Lang nou souse nan sous – Notre langue se ressource aux sources1,
une expérience d’écriture poétique en créole haïtien: esquisse réflexive2

Jean Durosier DESRIVIERES

 

 

 

 

 

 

Lang nou

Entendre l’écrit

La poésie de langue créole m’a d’abord séduit par la voix de Lobo3, grand diseur de textes haïtiens et étrangers. Cette poésie est arrivée à mon oreille par voie des ondes, frayant passage en mon âme au cours des années 90, en Haïti. Et depuis, je ne puis donc concevoir l’écriture de la poésie créole, voire de la poésie tout court, sans l’entendre. Je veux l’entendre encore davantage quand le prétexte ou l’intention qui précède le texte ouvre le chemin de l’écoute.

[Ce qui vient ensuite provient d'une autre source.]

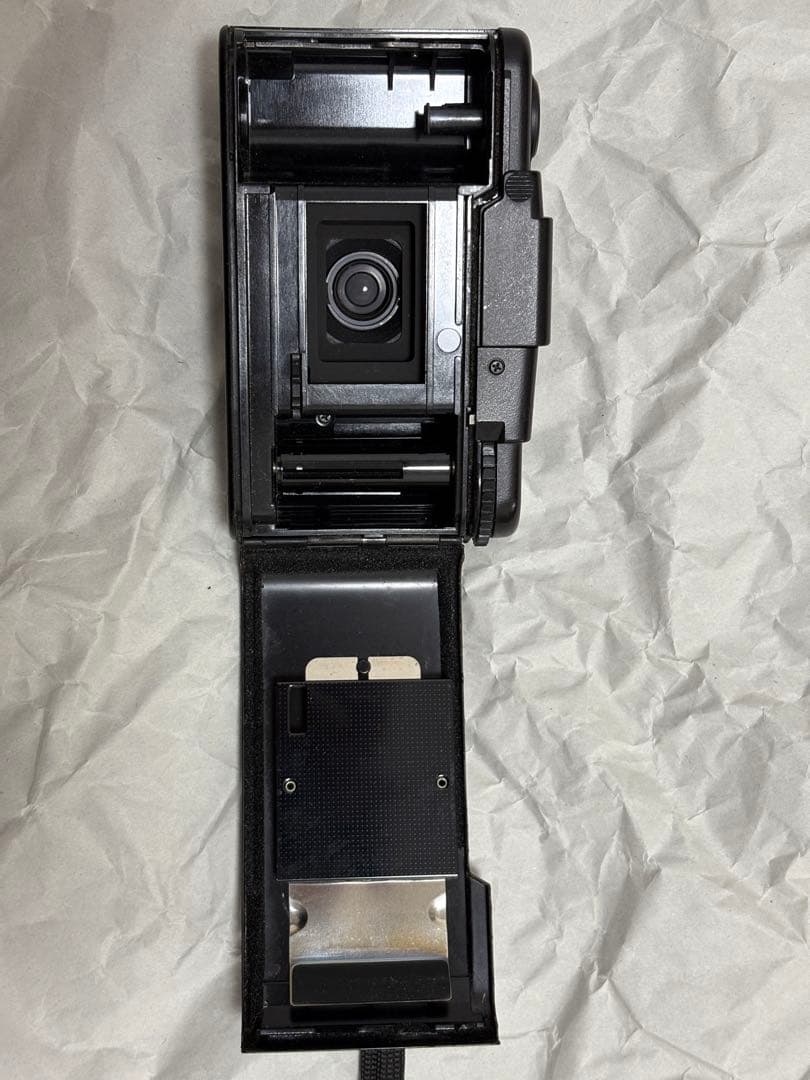 OLYMPUS XA2 コンパクトフィルムカメラ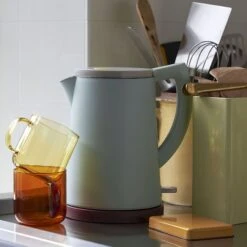 Hay Sowden Kettle -Billi Bi butik hay broedrister snowden kettle mint 2085867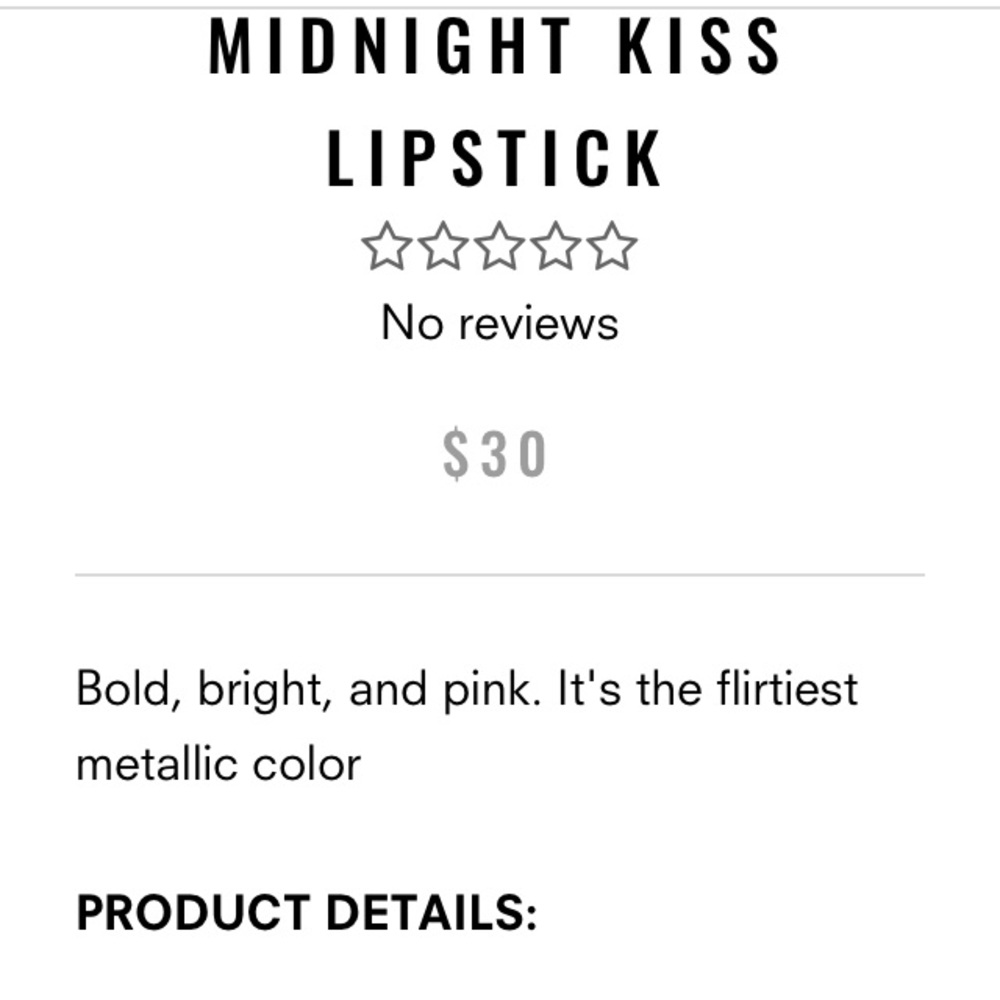 FF lipstick 💄 - Picture 3 of 10
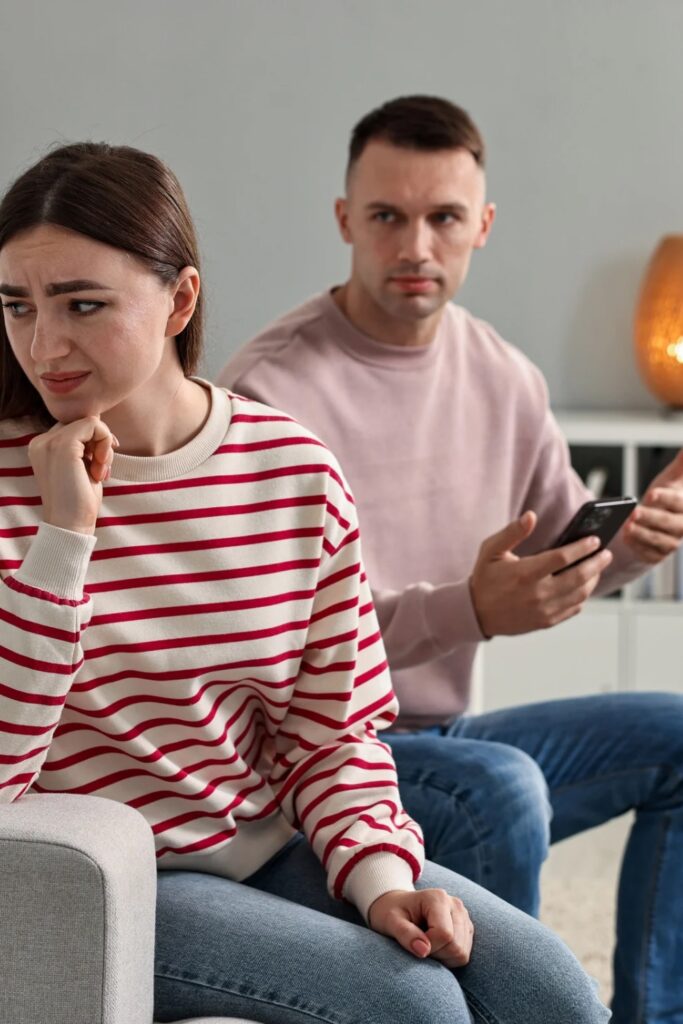 Ways To Know You Are Valueless To A Man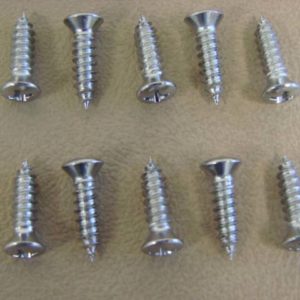 DHK7039 Headliner Screws (10 Pieces)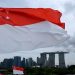 Tujuh Negara yang Memiliki Bendera Berwarna Merah dan Putih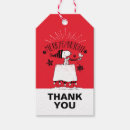 Search for gift tags Classic comic strip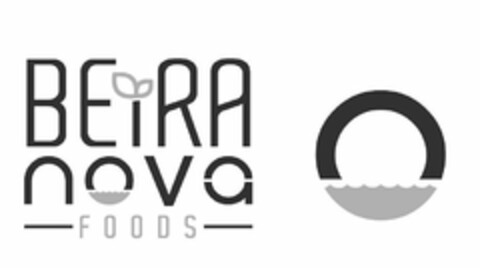 BEIRA NOVA FOODS Logo (USPTO, 23.10.2018)
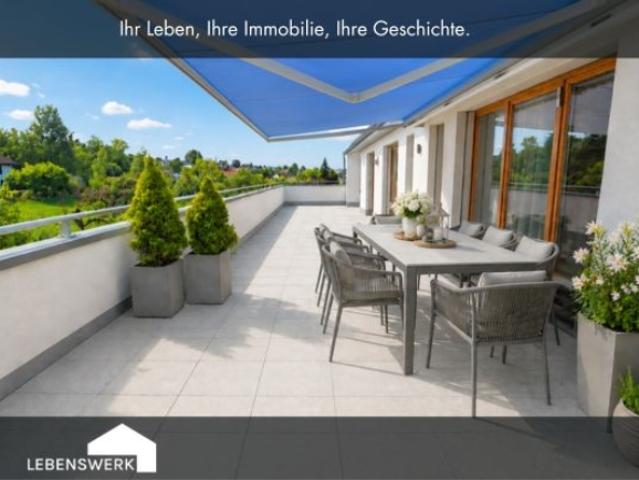 Wohnung kaufen in Kreuzlingen, Thurgau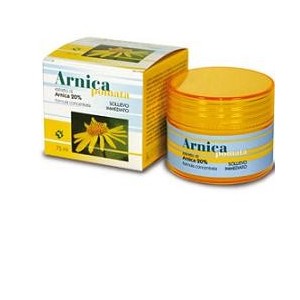 Arnica pomata 75 ml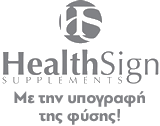 Health Sign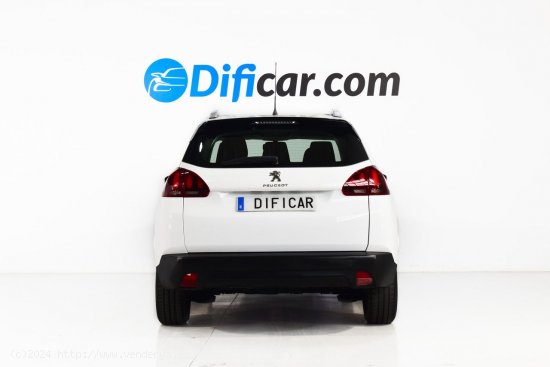 Peugeot 2008 ACTIVE 1.6 HDI 100CV - Molins de Rei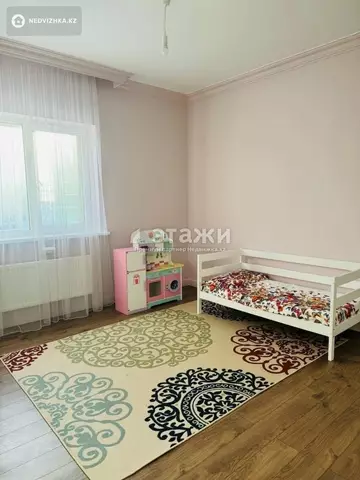 134 м², 4-комнатная квартира, этаж 5 из 9, 134 м², изображение - 1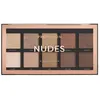 Image de PROFUSION COSMETICS Palette Yeux Mini Nudes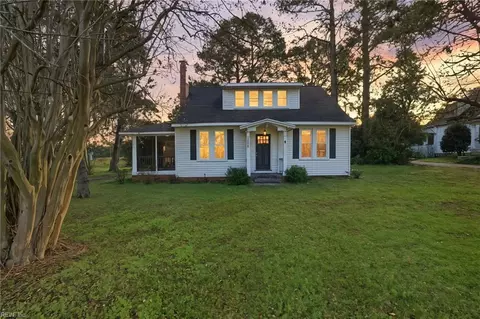 12070 Rolfe Hwy, Surry, VA 23883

Des poèmes en créole, j’en ai lu dix mille et de divers poètes, sans aucun doute. Mais ceux de Georges – Georges Castera fils4 j’entends bien – reviennent plus souvent dans ma mémoire. L’aboutissement de l’aventure audacieuse menée par ce poète en est pour quelque chose: imposer indubitablement le poème créole comme fait littéraire sans faille, comme texte de création, écriture de l’imaginaire, limite d’un lyrisme singulier.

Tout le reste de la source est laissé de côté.